L’ouvrage, fruit du travail collectif de Lauren Muller, Becky Thompson, Dominique C. Hill et Durrell M. Callier, rassemble des contributions de figures majeures de la littérature et de l’activisme, telles qu’Angela Davis, Naomi Shihab Nye et E. Ethelbert Miller. Ces textes témoignent de l’impact durable de Jordan sur ceux qui l’ont connue, étudiée ou simplement admirée.

Pour l’auteur de ces lignes, la découverte de l’œuvre de June Jordan est intervenue à un moment charnière de sa vie, après cinq années d’incarcération. La lecture de « Soldat : l’enfance d’un poète », puis de « Poème sur mes droits », a révélé une artiste capable de dénoncer avec force les injustices, notamment celles dont sont victimes les femmes, tant aux États-Unis qu’à l’étranger. « Jordan était un poète en qui je pouvais croire, un poète véritablement du et pour le peuple », témoigne-t-il.

L’anthologie se déploie en trois parties, articulées autour d’une vision humaniste. Elizabeth Alexander souligne que Jordan « était une poétesse prolifique dont la voix lyrique liait la lutte politique à une éthique de l’amour ». Elle comprenait les dangers d’une identité collective imposée, et la manière dont les barrières identitaires, souvent érigées par l’État, entravent l’épanouissement de l’humanité.

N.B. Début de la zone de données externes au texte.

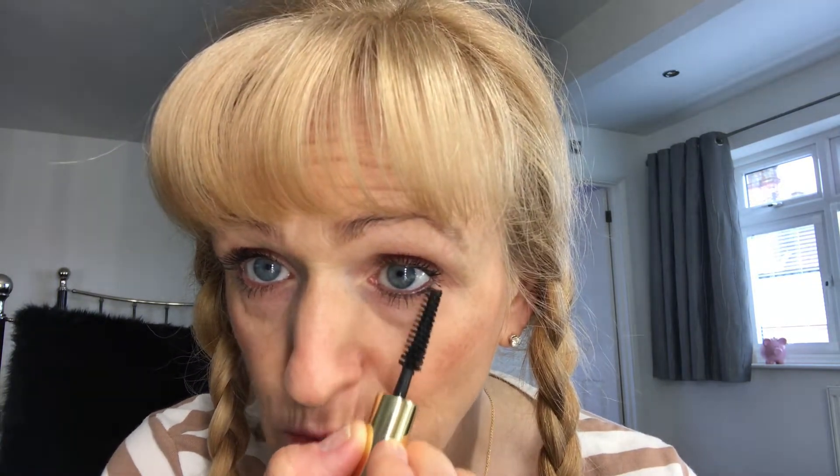That is only one coat and I don't think I'm going to need much more than that. It went on really quickly and very evenly. I'm very, very impressed — just one coat, which is very unusual for me. I really like the feel and texture of it, and I really like the brush. Yeah, excellent.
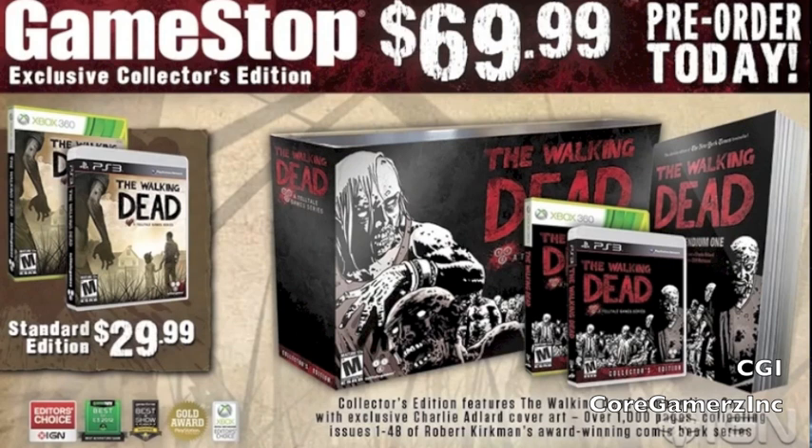This also includes a collector's box featuring Charlie Adlard artwork as well. As you can see in the picture, the standard copy is going to run for about 30 bucks — if you look over there you can see the nice box and the big book. Both editions are going to be available for Xbox 360 and PS3.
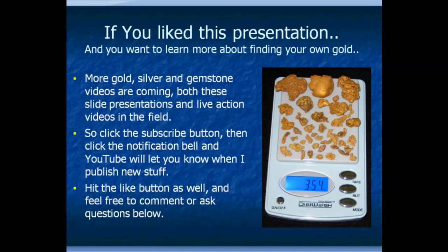If you liked this presentation, I've got a lot more coming — on gold, gemstones, hard rock, placer, and a lot of metal detecting content. Here's three and a half ounces of gold I found a couple years back in one area. If you enjoyed this, click the subscribe button and tick the notification bell so YouTube will let you know when I publish new stuff. Hit the like button as well, and please comment — I'm interested in what you have to say, and I promise to answer any questions. Thanks a lot, and we'll see you again real soon.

L’engagement de Jordan dépassait largement les frontières de son pays. Son intérêt pour le Nicaragua, le Liban et la Palestine témoigne d’une sensibilité aiguë aux souffrances causées par l’oppression et aux structures sociales qui perpétuent les inégalités. Elle croyait fermement au pouvoir de la poésie pour éduquer et sensibiliser, n’hésitant pas à employer un langage exigeant pour interpeller les classes populaires.

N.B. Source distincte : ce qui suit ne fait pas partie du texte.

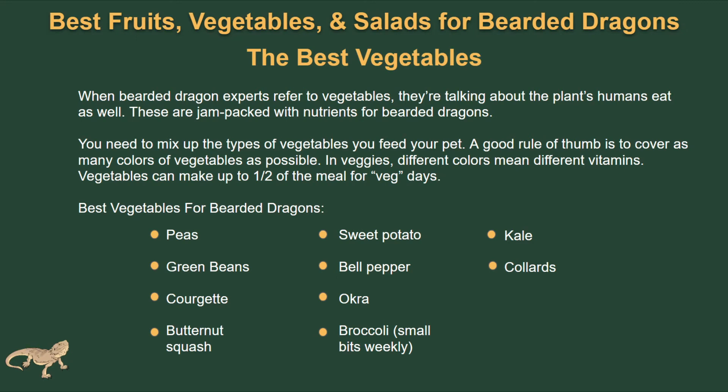Now when it comes to the best vegetables, these are going to be the plants that humans eat as well. For your greens, you're looking for things that are jam-packed with nutrients, and mix these up as well — don't stick to just one vegetable the entire pet's life. Just like us, they need variety. A good rule of thumb is to cover as many colors of vegetables as possible, because different colors mean different vitamins. Vegetables can make up half of their veggie meals. Some of these are peas, sweet potatoes, kale, okra, bell pepper, broccoli, collards, and butternut squash. Mix up the colors and make sure it's no more than half of their vegetable meal.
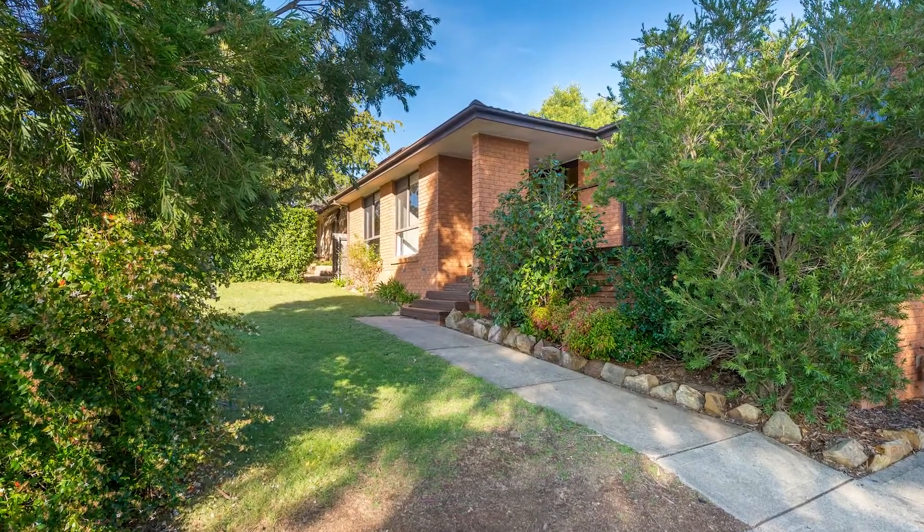Hi there, it's Nick Solder-Harding from LJ Hooker Dixon, back again to introduce you to another beautiful Canberra property. This time I'm in Flynn, and behind me an absolutely gorgeous large renovated three-bedroom family home in a great neighborhood that I think you're going to really love. Come on, I'll show you through.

Maria Poblet relate dans son essai « Puño en Alto ! Libro Abierto !/ First Up ! Book Open ! » une discussion avec Jordan sur la nécessité d’une poésie accessible. La réponse de la poétesse était sans appel : « Avez-vous déjà demandé à une adolescente de la classe ouvrière si elle préférait recevoir des mots plus faciles ou recevoir une éducation qui lui permette de lire n’importe quel mot qu’elle veut ? »

La section « Nous avons de la chance qu’elle ait osé » offre un aperçu intime de la personnalité de Jordan à travers l’essai d’E. Ethelbert Miller, un ami proche. Il propose une classification de son œuvre en neuf thèmes majeurs, allant du Moyen-Orient à la lutte contre le cancer, en passant par la violence policière et les questions de genre.

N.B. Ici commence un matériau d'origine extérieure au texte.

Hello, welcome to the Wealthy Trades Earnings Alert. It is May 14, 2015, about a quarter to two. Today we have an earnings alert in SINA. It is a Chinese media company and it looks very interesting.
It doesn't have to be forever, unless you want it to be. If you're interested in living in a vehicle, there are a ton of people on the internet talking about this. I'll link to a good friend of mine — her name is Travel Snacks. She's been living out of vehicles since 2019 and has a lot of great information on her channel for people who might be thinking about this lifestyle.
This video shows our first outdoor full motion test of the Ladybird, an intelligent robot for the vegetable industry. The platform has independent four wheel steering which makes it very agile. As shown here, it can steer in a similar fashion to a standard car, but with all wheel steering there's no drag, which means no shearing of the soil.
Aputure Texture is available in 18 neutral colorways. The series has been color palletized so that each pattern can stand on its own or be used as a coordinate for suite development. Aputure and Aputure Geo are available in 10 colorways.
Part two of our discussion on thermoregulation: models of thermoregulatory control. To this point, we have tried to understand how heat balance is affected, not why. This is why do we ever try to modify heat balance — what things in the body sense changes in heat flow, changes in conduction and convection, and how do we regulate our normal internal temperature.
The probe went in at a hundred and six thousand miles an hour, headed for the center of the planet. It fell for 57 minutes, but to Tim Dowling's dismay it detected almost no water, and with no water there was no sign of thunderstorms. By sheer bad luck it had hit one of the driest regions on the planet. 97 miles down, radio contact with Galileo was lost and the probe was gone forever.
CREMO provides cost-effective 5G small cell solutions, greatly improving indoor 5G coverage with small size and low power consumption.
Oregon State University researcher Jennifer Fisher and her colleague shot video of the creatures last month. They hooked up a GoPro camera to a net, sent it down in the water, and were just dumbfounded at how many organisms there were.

Miller analyse notamment le poème « Moving Towards Home », soulignant ces vers poignants :

Je suis née femme noire
Et maintenant
Je suis devenue une Palestine
Contre le rire incessant du mal

De nombreux contributeurs à l’anthologie ont été ses élèves, notamment dans son célèbre cours « Poetry for the People » à l’Université de Californie à Berkeley. Sriram Shamasunder évoque l’impact de ce cours, suivi à la fin de la vie de Jordan, et la manière dont elle a su transmettre sa passion pour la justice et la poésie.

La dernière partie de l’ouvrage, « The Awesome Difficult, Work of Love », présente une conversation entre Angela Y. Davis, Prathiba Parma et Leigh Raiford, qui replacent l’œuvre de Jordan dans un contexte plus large. « Cette conversation est une opportunité d’apprendre ensemble la profondeur de ses engagements radicaux, le caractère incisif de sa plume et l’ampleur de sa vision de la libération », explique Raiford.

À une époque marquée par les divisions et les inégalités, l’héritage de June Jordan apparaît plus pertinent que jamais. Son œuvre nous invite à réfléchir sur notre propre responsabilité en tant qu’êtres humains et à nous engager pour un monde plus juste et plus compassionnel. Comme le souligne Angela Davis, « le monde rattrape le mois de juin. Et peut-être aussi rattrape-t-il la conscience de la relation entre la personne et la vie politique, la capacité de chacun à prendre soin de soi ».